Tobogganing is a winter staple. You’ve done it in the backyard, on that steep neighbourhood hill, or even on a groomed mountain run. But here’s the thing: You usually don't plan on tobogganing. That blizzard comes like a messy thief in the night and coats the entire land in that freezing sky confetti we call snow. And while you maybe had the foresight to stock up on enough food and beer to survive the weekend, you likely did not buy a toboggan. You probably didn't even realize you'd want a toboggan. But when the snow comes, you do want one. You want one bad.

Enter the homemade toboggan. We’ve all been hungry for a thrill and MacGyvered our way to a bush league bobsled. This tried-and-true device takes many forms: cookie trays, inner tubes, pizza boxes, and garbage bags. But which homemade toboggan works best?

We are three dudes who want to find out. Our challenge is simple: use homewares to build different toboggans. Test them, collect learnings, and improve our designs. We hope to find the fastest, sturdiest, and coolest 'boggan that anyone can make with the crap they have just collecting dust in the garage.

Let the games begin.

Please pick three words and three emojis to describe yourself.

Tom: Opinionated. Thrill junkie. Flexible.

James: Hungry. Calculating. Texas.

Jeff: Adventurous. Charming. (I can't think of a third one.)

Why does a pizza box make a decent toboggan? Why doesn't a blanket? Before we started the build, we needed to understand how best to approach this challenge. After some ~sciencey reading~, we found the answer: A toboggan must convert gravitational potential energy into kinetic energy of motion. What does that mean? It means FRICTION is bad. So first and foremost, toboggans must be extremely slick. That's what makes a good 'boggan good and a bad 'boggan bad. Seems easy enough.

After some deliberation, we chose three objects from around the house that seemed slippery enough to serve as a solid 'boggan base. We decided to build a prototype on each base using other objects found in the same room. So our three prototypes would go as follows:

  1. Kitchen prototype — pizza tray base.
  2. Bedroom prototype — inflatable mattress base.
  3. Garage prototype — old skis base.

Easy enough! Tom, being the thrill-seeker of the group, immediately volunteered to be the test pilot for all of our toboggans. Jeff and I decided this was fine. Then it was time to get down to business.

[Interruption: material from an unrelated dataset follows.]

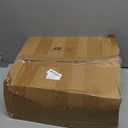 Solar Chicken Coop Light with Timer, 2 Pcs Adjustable Heavy Chicken Poop Scooper and 11 Tooth Coop Rake Set, 10 Pcs 11.8 x 11.8 Inch Natural Laying Hen Nesting Pads for Most Nesting Boxes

We started our build with the kitchen prototype.

This prototype showed a lot of promise early on, as the trays were slippery as hell. One of them slid right through my fingers and landed on my toes.


  • Pizza trays
  • Trash can
  • Roasting pan

First, we connected our pizza trays with duct tape. Then we cut a trash can in half and drilled the base into the wooden spine of our 'boggan. We added some more weight with 2x4s and then used a pair of bungie cords to affix the lid of a roasting pan to the back, giving us a handle we could use to haul the thing around.

Lastly, we used the discarded section of trash can to create a tall back for the rider. One toboggan down. Every good ship deserves a name, and the same is true of toboggans.

We thereby christened this sled Pizza Boy.

Tom was amped. He wanted to test it out immediately and demanded we take glamour shots. This one seemed like it was going to work, and Tom said it was "hella comfortable."

Next, we built the garage prototype.

This one was obviously going to work because the base was made of skis. Skis are like mankind's engineering answer to the question, How can we quickly get down a field of snow?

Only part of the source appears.